Why do we need cross-validation??

asheesh kumar singhal
2 min readAug 31, 2020

Cross validation is an important concept in machine learning world. It helps to check how your algorithm will perform-when unknown data is given to it.

Consider a data with ’n’ data-points. Lets first split it into 2 sets train and test data. After splitting the data, when its given to a machine learning algorithms the various hyper-parameters (i.e. K in KNN) and accuracy are calculated using D-Train (Training Dataset) and D-Test(Testing- Dataset). D-Train will train various parameters (hidden- paremeters/ weights ) of the algorithm and D-Test will help to tune various hyper-parameters using accuracy, error and other results. This means that D-test is directly given to algorithms to learn but,it is used in someway to tune the algorithms along with Training datasets.

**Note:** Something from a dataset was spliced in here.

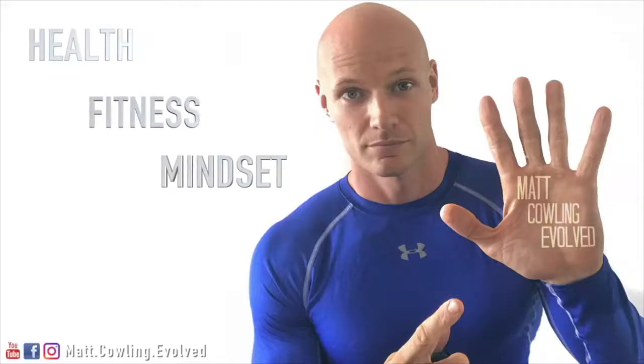Hey guys, today I'm going to talk about blue light, how it affects your body and how it's messing up your sleep. This is something I've stumbled across because I've been researching a lot into light and how light affects us. I came across how blue light affects our body and our eyesight.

Since both D-Test and D-train are used for the learning purpose, none of the data is unseen or hidden from the algo, hence D-test cannot be used to validate the results on the future incoming query points. The accuracy obtained on this data split cannot be used for the future incoming data with same confidence as we obtained in this data.

Hence we split the data into 3 sets D-Train, D-Test and D-Validation. We will use Train data as usual and use D-validation in place of D-Test data as we were doing it in last case. This make D-Test data as the unseen data, behaves as incoming future and enables us to check our hypothesis. We do not make use of this data for any learning process and also do not tune any parameter using it. Thus the result (accuracy and error) what we have received for validated data can be said its equivalent to the what we will get once the model is deployed in production env.

In this way splitting the data into train, valid and test provides an additional quality check and helps to verify how model is likely to perform when future data comes.

--

--